On ne saurait non plus, selon nous, parler de défaut de motivation, au sens que lui prête la requérante Tunnel Refineries. Le Conseil a pu à bon droit renvoyer à cet égard à la jurisprudence y afférente, selon laquelle les règlements peuvent être assortis d'une motivation plus brève que dans le cas de décisions individuelles et selon laquelle, dans le cas d'un règlement considéré comme partie d'un régime d'ensemble, il y a lieu d'en apprécier la motivation dans le cadre de cet ensemble (voir par exemple, les affaires 125/77 ( 26 ) et 230/78 ( 27 )). En l'espèce, il ne fait pas de doute qu'on doit à cet égard prendre en considération les motifs exposés dans le règlement no 1111/77, dans lesquels le Conseil met l'accent sur le fait que l'isoglucose est un produit de substitution en concurrence directe avec le sucre liquide, que l'isoglucose retire des avantages économiques du fait des contraintes de production s'appliquant au sucre de betteraves, que les excédents constatés pour ce dernier produit rendent nécessaires les exportations et qu'il y avait lieu, dès lors, de prévoir pour la production d'isoglucose un régime de cotisations, complémentaire de celui applicable au sucre, en vue d'une contribution aux charges à l'exportation. On peut en outre rapprocher implicitement ce dernier point de l'exposé des motifs du règlement no 1293/79 en ce qui concerne le régime de quotas et de cotisations: en effet, même si ce règlement a été annulé, il n'est pas pour autant devenu à tous points de vue inexistant, puisque sa publication au Journal officiel a assuré son maintien en tant qu'élément d'information.
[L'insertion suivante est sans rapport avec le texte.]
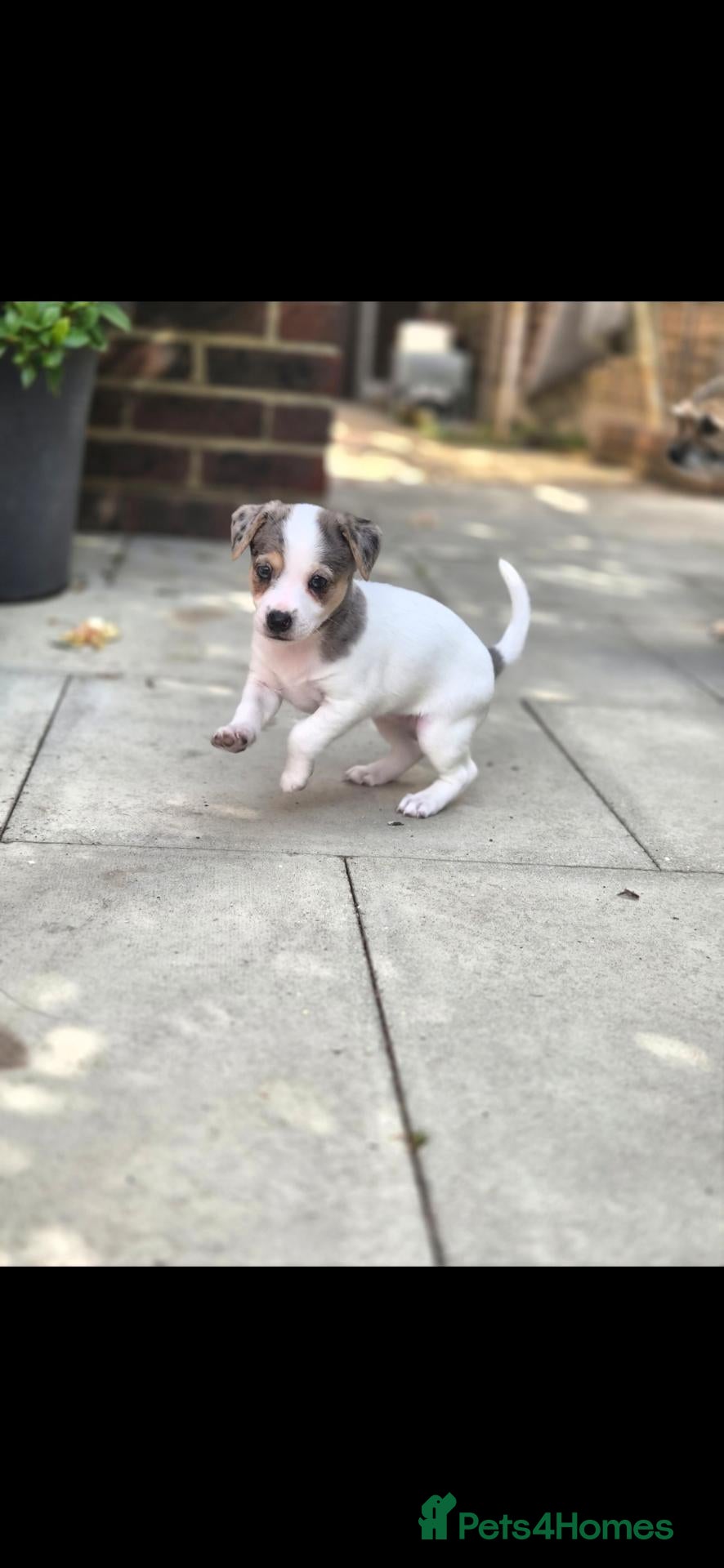 Jack Russell dogs Last little girl - Advert 15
V — Violation de l'article 201 du traité CEE et de l'article 2 de la décision du 21 avril 1970 relative au remplacement des contributions financières des États membres par des ressources propres aux Communautés

Nous devons encore examiner à présent un moyen que les requérantes dans les affaires 108 et 110/81 n'ont produit que dans leur réplique. Elles font valoir qu'en instituant une cotisation sur l'isoglucose le Conseil avait voulu se procurer des ressources propres au sens de la décision du 21 avril 1970 (JO L 94 du 28. 4. 1970, p. 19 et suiv.). Or, compte tenu de l'inapplicabilité en l'espèce des dispositions de l'article 2, paragraphe 1, lettre b), seules pourraient être considérées comme ressources propres au sens de cette décision les ressources visées à l'article 2, paragraphe 1, lettre a), en tant qu'elles sont constituées par les recettes provenant

«des prélèvements, primes, montants supplémentaires ou compensatoires, montants ou éléments additionnels et des autres droits établis ou à établir par des institutions des Communautés sur les échanges avec les pays non membres, dans le cadre de la politique agricole commune, ainsi que des cotisations et autres droits prévus dans le cadre de l'organisation commune des marchés dans le secteur du sucre, ci-après dénommés ‘prélèvements agricoles’».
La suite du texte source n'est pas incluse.